DC induction heating of aluminum billets using superconducting magnets

To analyse the heating process of an aluminum billet rotating in a static magnetic field produced by superconducting coils.

The idea is to force the billet to rotate in a static magnetic field produced by a DC superconducting magnet. Since, a static superconducting magnet has no losses, the efficiency of the system is the efficiency of the motor used. In order to evaluate the temperature distribution arising from the field profile produced by a given coil configuration, a numerical model, based on an equivalent electric network with temperature‐dependent parameters, is used.

The main heating parameters, i.e. heating time, total power injected and temperature difference, are evaluated for different values of angular velocity and magnetic field. The field profile suitable to meet the specifics of an industrial heating process in terms of temperature homogeneity and heating time is determined. Starting form this profile the layout of the magnet is arrived at and some considerations on the operating condition of the superconducting windings are reported.

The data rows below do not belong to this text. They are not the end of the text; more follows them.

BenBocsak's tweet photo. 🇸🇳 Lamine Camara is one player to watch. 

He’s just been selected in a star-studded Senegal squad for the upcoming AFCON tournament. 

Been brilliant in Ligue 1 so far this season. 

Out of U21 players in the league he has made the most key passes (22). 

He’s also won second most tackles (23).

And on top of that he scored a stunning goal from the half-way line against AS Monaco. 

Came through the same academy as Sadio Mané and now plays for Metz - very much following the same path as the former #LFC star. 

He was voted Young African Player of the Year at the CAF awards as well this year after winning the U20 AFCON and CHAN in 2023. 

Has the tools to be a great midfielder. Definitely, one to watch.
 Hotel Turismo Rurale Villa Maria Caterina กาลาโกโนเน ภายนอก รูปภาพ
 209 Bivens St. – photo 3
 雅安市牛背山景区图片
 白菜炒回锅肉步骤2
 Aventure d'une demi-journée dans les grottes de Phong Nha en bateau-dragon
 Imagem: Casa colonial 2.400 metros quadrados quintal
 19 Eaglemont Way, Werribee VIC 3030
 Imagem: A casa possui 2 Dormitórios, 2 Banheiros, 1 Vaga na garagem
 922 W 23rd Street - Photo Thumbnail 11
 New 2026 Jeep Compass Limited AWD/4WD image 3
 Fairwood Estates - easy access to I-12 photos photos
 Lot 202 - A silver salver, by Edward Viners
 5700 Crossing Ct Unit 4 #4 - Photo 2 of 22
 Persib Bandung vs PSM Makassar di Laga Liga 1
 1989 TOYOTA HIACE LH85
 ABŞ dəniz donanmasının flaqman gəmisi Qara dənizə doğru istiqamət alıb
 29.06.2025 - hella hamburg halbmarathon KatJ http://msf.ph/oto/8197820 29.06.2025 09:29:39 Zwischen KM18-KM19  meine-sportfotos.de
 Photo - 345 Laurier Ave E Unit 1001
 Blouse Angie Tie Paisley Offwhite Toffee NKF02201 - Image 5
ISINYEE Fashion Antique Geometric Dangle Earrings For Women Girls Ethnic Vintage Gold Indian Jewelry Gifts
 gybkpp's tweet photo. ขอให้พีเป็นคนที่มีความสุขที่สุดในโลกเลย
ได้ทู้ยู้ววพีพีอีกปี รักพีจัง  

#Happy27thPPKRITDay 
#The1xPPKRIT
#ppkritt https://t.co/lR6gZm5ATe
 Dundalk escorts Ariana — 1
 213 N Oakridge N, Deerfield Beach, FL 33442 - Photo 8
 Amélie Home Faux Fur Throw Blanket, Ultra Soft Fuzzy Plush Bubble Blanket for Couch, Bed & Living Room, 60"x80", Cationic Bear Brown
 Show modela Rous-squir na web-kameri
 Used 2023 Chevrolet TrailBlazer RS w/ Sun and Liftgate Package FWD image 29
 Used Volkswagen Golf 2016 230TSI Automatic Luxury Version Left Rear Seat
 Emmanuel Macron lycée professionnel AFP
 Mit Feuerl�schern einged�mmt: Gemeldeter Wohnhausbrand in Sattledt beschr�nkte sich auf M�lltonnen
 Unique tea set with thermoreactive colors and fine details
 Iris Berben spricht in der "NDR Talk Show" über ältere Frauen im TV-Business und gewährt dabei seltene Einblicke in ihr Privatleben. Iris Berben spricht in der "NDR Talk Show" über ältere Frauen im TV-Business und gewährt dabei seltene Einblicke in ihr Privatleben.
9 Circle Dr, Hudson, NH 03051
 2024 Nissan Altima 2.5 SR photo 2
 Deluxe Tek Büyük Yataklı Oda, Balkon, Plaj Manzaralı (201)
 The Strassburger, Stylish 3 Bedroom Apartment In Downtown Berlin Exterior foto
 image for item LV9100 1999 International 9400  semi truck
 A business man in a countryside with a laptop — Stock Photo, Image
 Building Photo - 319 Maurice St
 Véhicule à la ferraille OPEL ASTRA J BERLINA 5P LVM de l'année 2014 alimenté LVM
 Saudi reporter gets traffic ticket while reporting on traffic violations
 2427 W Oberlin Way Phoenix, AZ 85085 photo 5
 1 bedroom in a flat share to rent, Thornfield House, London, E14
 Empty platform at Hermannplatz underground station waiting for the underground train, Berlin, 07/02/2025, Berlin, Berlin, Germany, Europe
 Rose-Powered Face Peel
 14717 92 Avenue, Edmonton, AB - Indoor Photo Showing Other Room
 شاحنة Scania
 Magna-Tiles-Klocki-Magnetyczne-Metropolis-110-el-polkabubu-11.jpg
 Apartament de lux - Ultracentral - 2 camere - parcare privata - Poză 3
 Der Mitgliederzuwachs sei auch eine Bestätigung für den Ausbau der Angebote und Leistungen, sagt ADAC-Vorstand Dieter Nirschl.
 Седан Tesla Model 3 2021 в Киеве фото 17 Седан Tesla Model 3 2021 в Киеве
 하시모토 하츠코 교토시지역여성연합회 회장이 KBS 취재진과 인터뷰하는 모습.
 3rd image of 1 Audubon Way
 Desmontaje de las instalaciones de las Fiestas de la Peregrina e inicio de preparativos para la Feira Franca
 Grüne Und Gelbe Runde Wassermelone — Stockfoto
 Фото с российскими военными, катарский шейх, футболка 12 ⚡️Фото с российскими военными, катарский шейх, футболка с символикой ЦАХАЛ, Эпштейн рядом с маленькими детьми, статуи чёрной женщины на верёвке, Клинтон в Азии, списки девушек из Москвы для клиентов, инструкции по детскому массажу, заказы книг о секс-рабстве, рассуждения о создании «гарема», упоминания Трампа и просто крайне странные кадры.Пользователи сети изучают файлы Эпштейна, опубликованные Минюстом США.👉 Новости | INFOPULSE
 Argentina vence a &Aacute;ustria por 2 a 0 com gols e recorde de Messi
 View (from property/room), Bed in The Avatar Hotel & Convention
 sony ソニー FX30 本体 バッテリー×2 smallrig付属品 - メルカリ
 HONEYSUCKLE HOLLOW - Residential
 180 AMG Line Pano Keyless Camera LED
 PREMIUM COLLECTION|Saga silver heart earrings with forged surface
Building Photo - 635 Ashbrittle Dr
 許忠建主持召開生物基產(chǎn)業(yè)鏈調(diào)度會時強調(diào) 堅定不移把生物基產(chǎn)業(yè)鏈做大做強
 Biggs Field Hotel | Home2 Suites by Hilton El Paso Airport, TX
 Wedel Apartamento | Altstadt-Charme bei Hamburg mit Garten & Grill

The mechanical stress in the billet due to weight, centrifugal effects, applied torque and resonance is examined by taking into account the weakening of the material properties with the increase of temperature and the practical limits of the heating process are evaluated.

DC induction heating of aluminum billet using superconducting magnets can be done fulfilling the specifics of the industrial processes.

A high‐efficiency induction heater for aluminum billets using superconducting coils in a novel scheme is investigated.